Pierre Paul-Hus Conservative Charlesbourg—Haute-Saint-Charles, QC

Madam Speaker, the debates on Bill C‑325, which I introduced last spring, are drawing to a close today.

I am pleased to see that, following the tragic events that have taken place and the serious cases brought to our attention, the Bloc Québécois has finally decided to support Bill C‑325, even though it voted in favour of Bill C‑5 at the time. I agree that amendments to the bill in committee are necessary. In fact, committees are specifically mandated to improve bills and make them fairer for all Canadians. Unfortunately, the Liberals and their NDP colleagues are clinging to a short-sighted position that makes no sense.

I have done my job with Bill C-325. Moreover, all the parties in Quebec's National Assembly—including the more right-wing parties, the centrist parties and the left-wing parties like Québec solidaire—have asked that Bill C-5 be amended because it just does not work. No one in the House would characterize the Bloc as a right-wing party. Bloc members are not nasty right wingers; they lean more to the left than to the right. However, they thought things through, saw that there is a problem and acknowledged that changes need to be made. That is why they are willing to help me move Bill C-325 forward. However, the Liberals and NDP are stubborn. There is nothing we can do.

During debate, we talked a lot about Marylène Levesque's murder. At the time, I was the one who moved the motion in the House that launched the investigation by the Standing Committee on Public Safety and National Security, of which I was a member. We investigated everything surrounding Marylène's murder, the work of the Parole Board of Canada and the flaws in how the entire situation was managed.

With Bill C-325, I am proposing common-sense improvements. For example, right now, there are no consequences for offenders who fail to abide by the conditions of their release when on parole for serious crimes. When we ask people on the street about this, they say that people who do not abide by the conditions of their release should be arrested, but that consequence does not exist. Everyone thinks it only natural to create a new offence to cover such situations. That is just common sense, and it is what I am proposing in Bill C-325.

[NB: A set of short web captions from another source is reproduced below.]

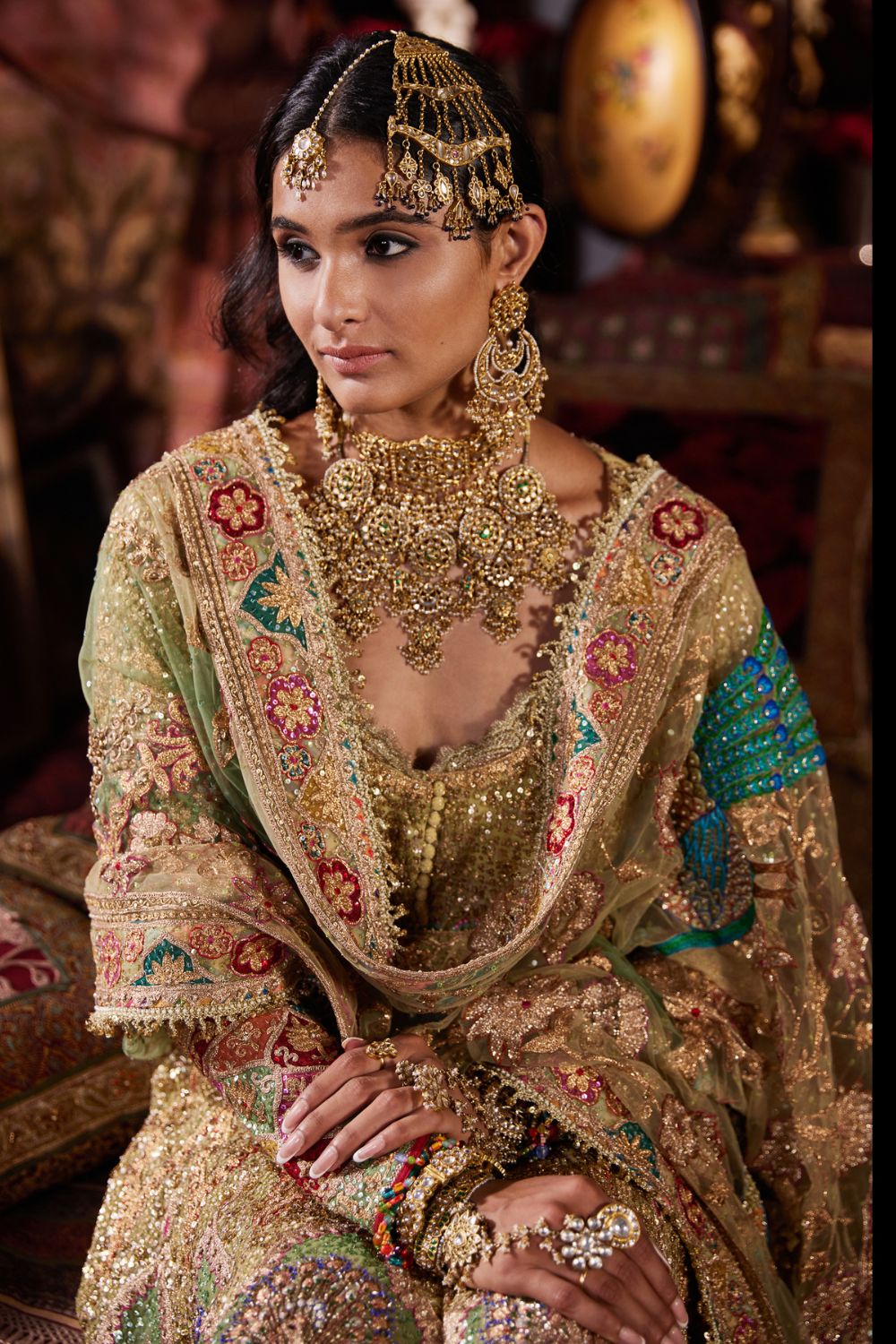 Jewellery for gharara sale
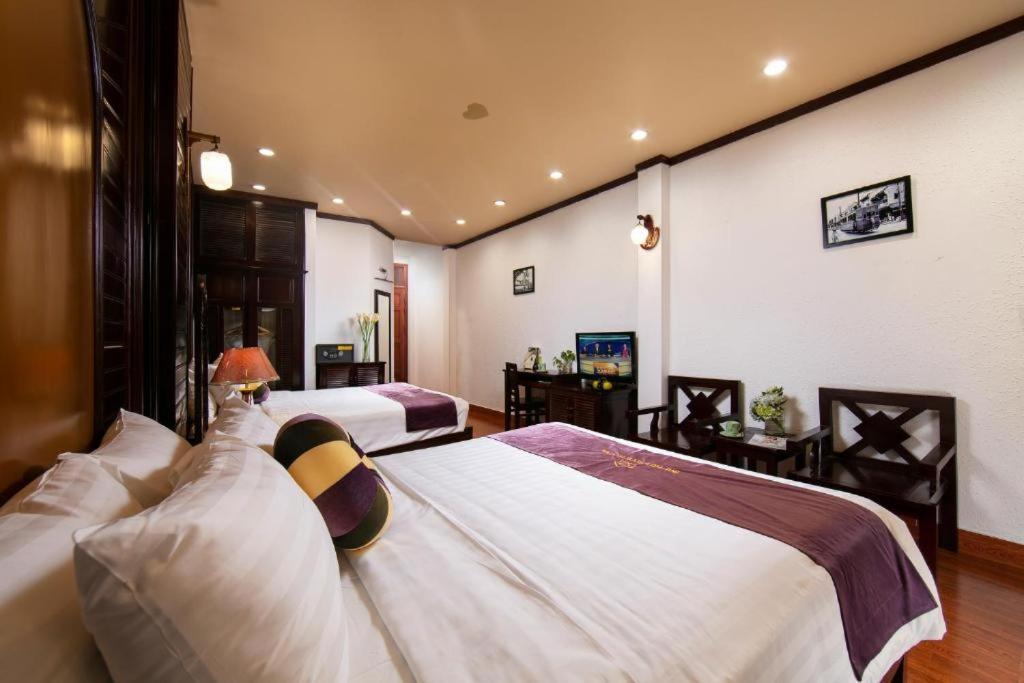Impressive Boutique Hotel Hanoi Eksteriør bilde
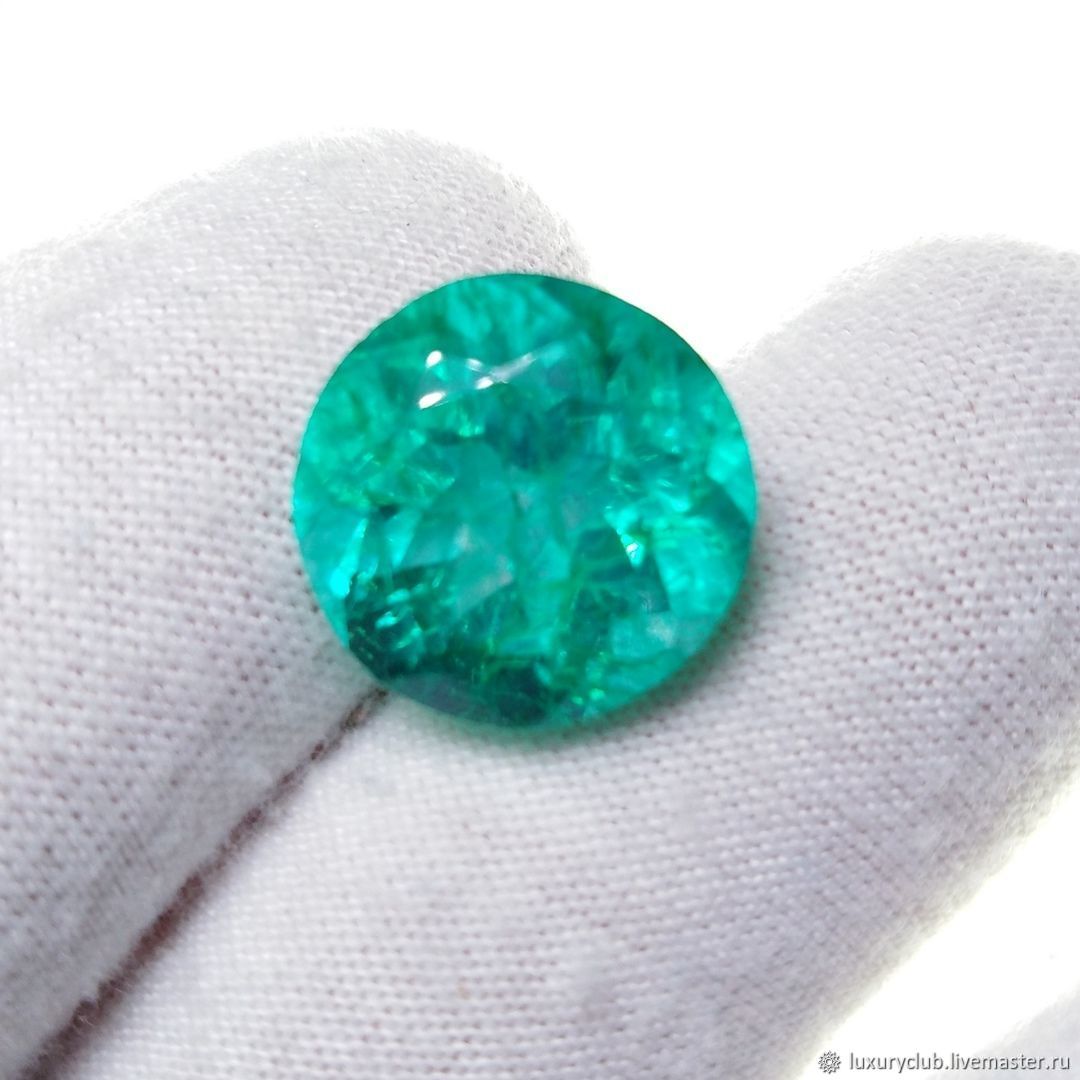 NATURAL EMERALD COLOMBIA . Certificate 8.15 ct, Cabochons, Tolyatti,  Фото №1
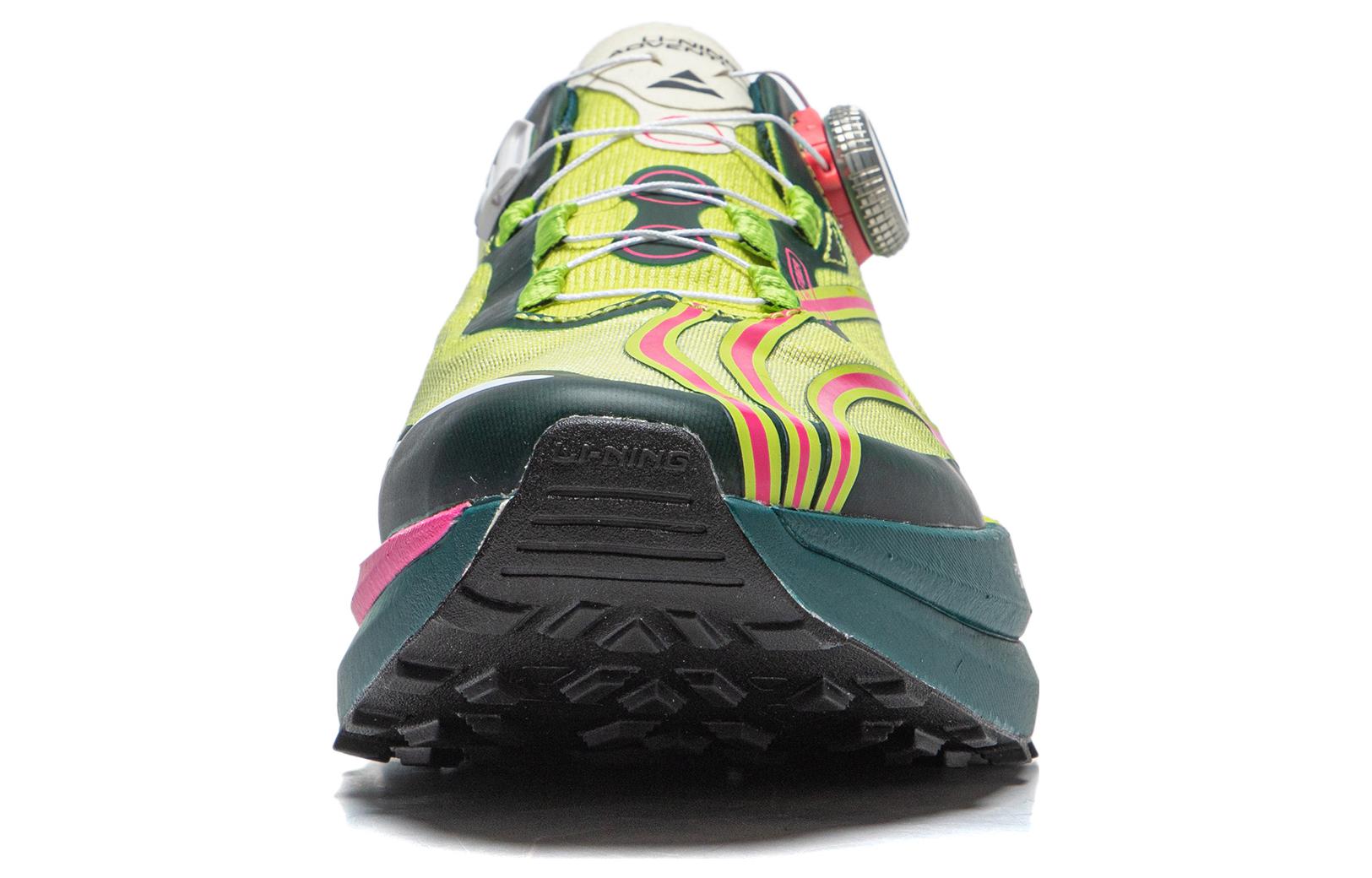 (WMNS) Li-Ning Dilu Pro 'Yellow Green' ARNT002-4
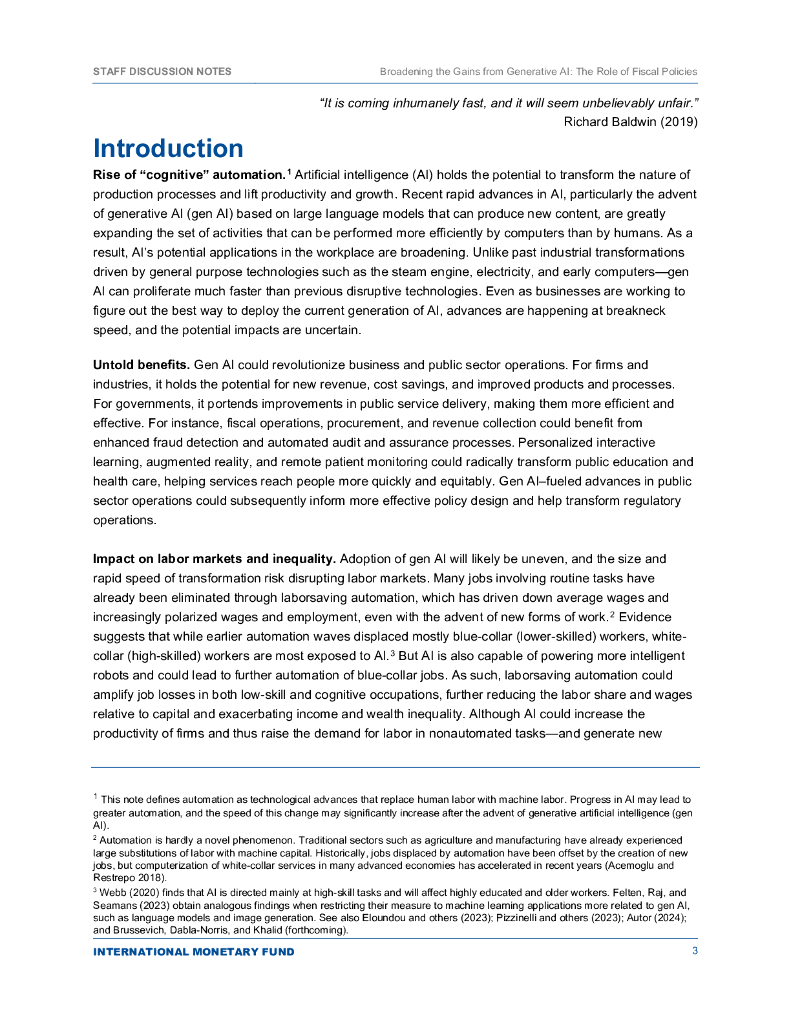 国际货币基金组织：2024扩大世代人工智能的收益：财政政策的作用报告（英文版）_第6页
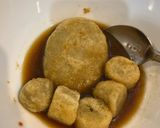 Foto langkah ke 5 dari resep Pempek Ikan Teri/ Ebi.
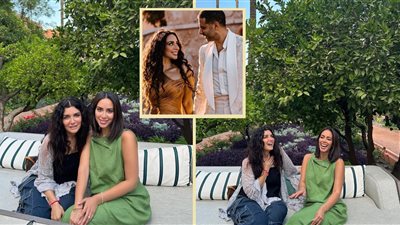 بسنت شوقي في مراكش برفقة غادة عادل وسط أنباء انفصالها عن محمد فراج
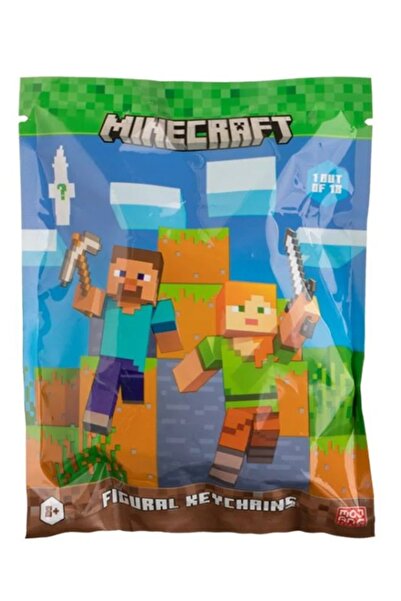 MINECRAFT Breloc cu figurină (Cutie surpriză)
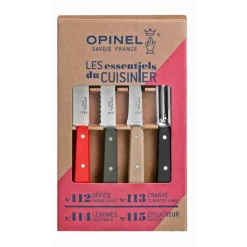 OPINEL COFFRET 4 COUTEAUX ESSENTIELS LOFT> Couteaux De Cuisine·Couteaux De Cuisine Opinel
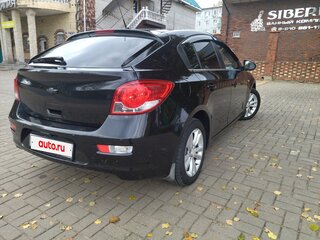 2012 Chevrolet Cruze I, чёрный, 585000 рублей, вид 4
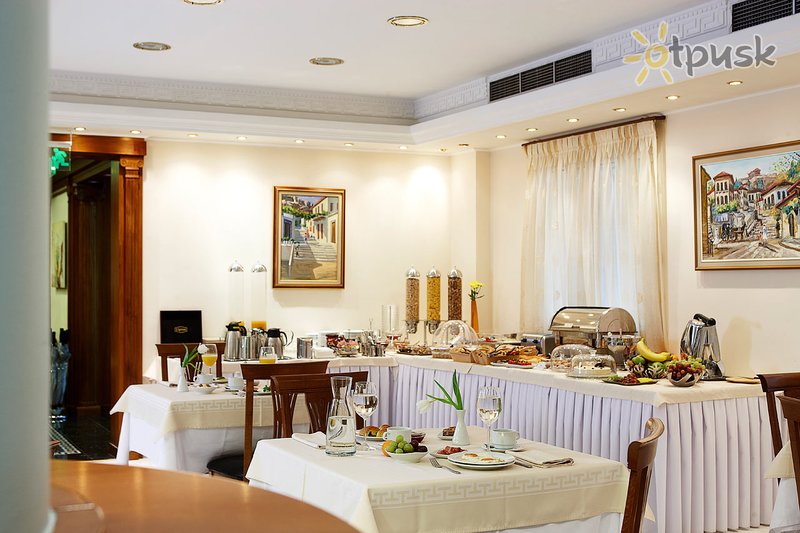 Фото отеля Ava Hotel & Suites 4* Афины Греция бары и рестораны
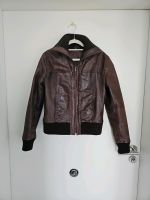 Vintage Lederjacke kurz Nordrhein-Westfalen - Welver Vorschau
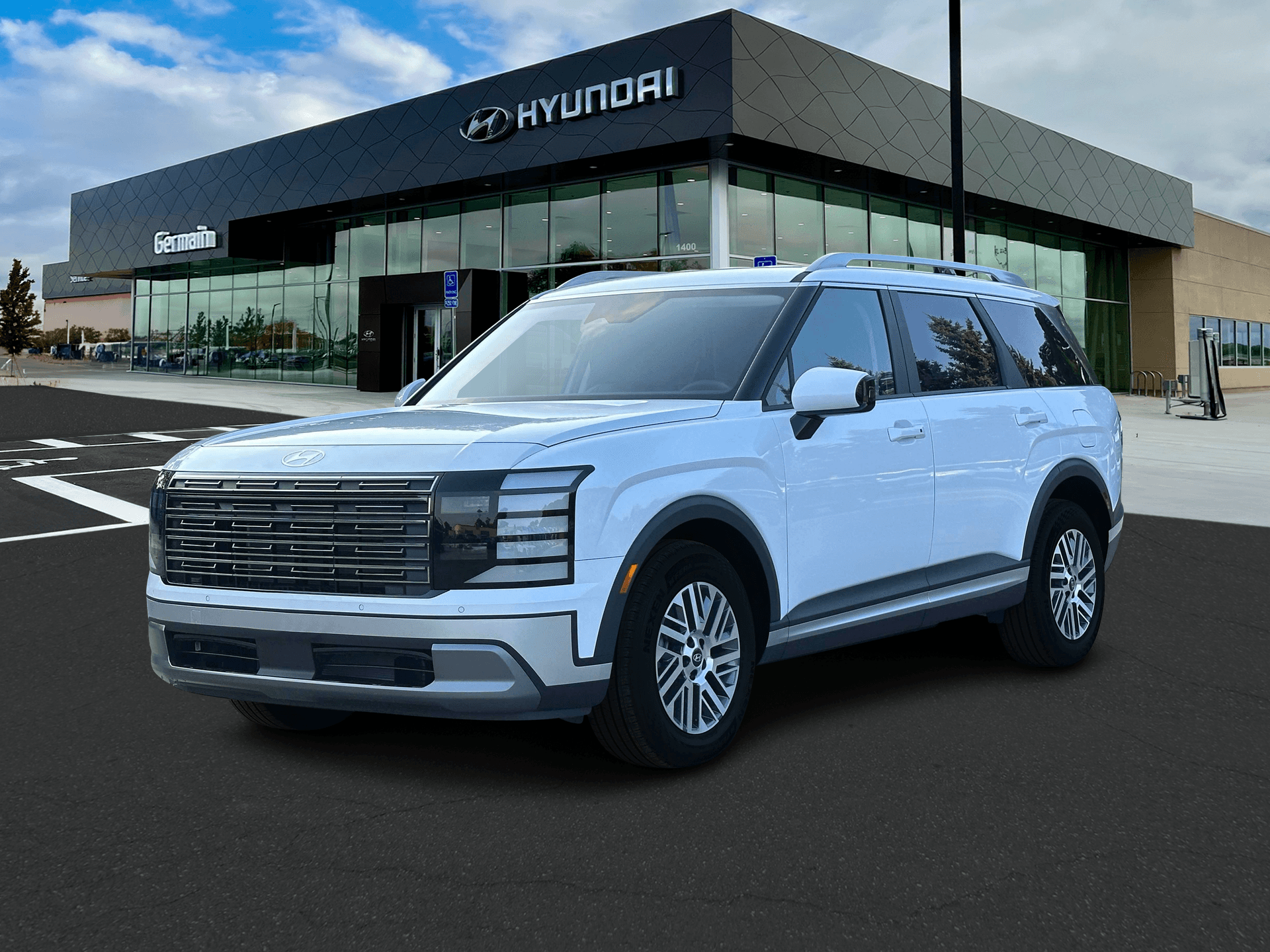 2027 Hyundai Palisade - Image 1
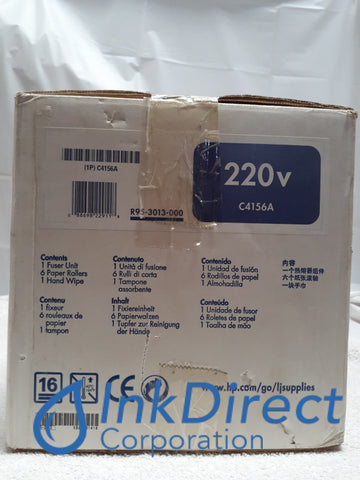 HP C4156A HP 8500 (220V) Fuser LaserJet 8500 8500DN 8500N 8550 8550DN 8550GN 8550MFP 8550N Fuser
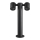 Lámpara de exterior KETTO 2xGU10/60W/230V IP44 negro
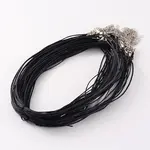 Mixed Size DIY Waxed Cord Necklace Making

Some are saying that professionals found that the law put in place by Bill C-5 was good. I took the time to meet with many groups, and I can say that police officers are calling for improvements. I am thinking, in particular, of the Canadian Police Association, the Fraternité des policiers et policières de Montréal and the Fraternité des policiers et policières de la Ville de Québec.

Victims groups are also calling for improvements. Here, I am thinking of REAL Women of Canada, Fédération des maisons d'hébergement pour femmes, Maison des guerrières, Communauté de citoyens en action contre les criminels violents and the Murdered or Missing Persons' Families Association. No one can say that these are nasty right-wing groups that just want tough laws. These are groups of people who represent victims. When I showed them my bill, they told me that it was just common sense and that that is what needed to be done. Victims are afraid because offenders on parole do not abide by the conditions of their release and people are not incarcerated, as they should be. Bill C-325 seeks to resolve this problem, and I will never understand why the Liberals and the NDP do not get that.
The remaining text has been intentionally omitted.